Start of DATA FOR THE TASK

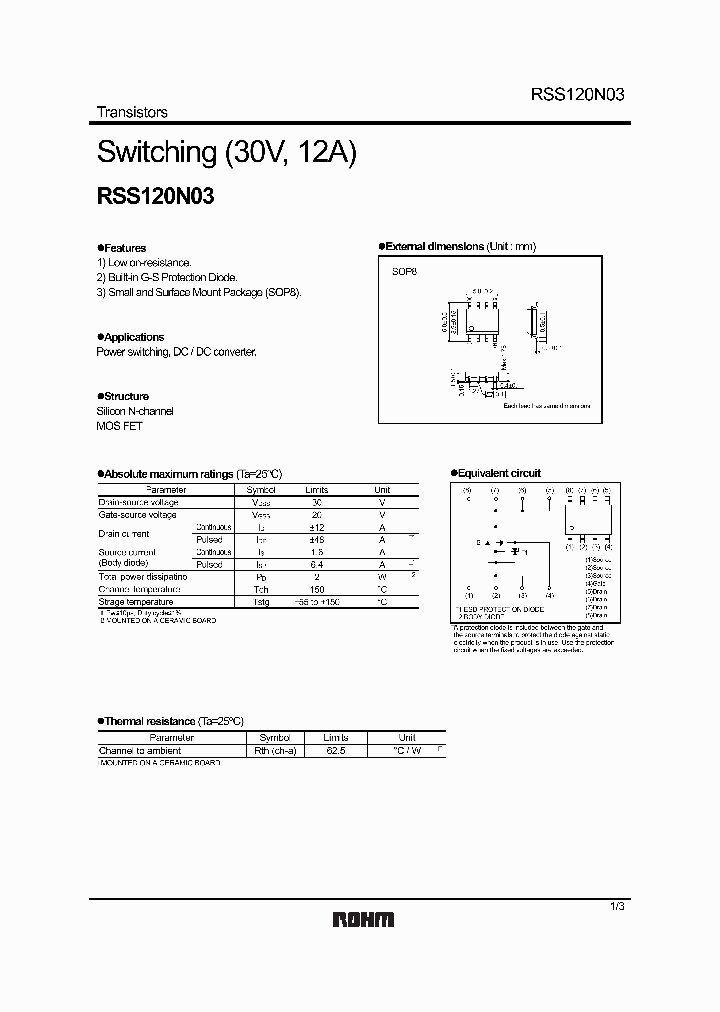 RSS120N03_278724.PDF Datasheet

End of DATA FOR THE TASK
Start of DATA FOR THE TASK

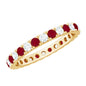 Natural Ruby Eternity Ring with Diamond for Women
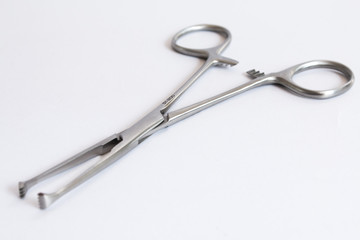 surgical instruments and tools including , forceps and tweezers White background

End of DATA FOR THE TASK

_WHAT TO PRODUCE_. Exact repeat of the material above: every line from the one with "Natural Ruby Eternity" through the one with "surgical instruments and", endpoints included, and nothing more. No pictures.

_EXERCISE OUTPUT_.
 Natural Ruby Eternity Ring with Diamond for Women
 surgical instruments and tools including , forceps and tweezers White background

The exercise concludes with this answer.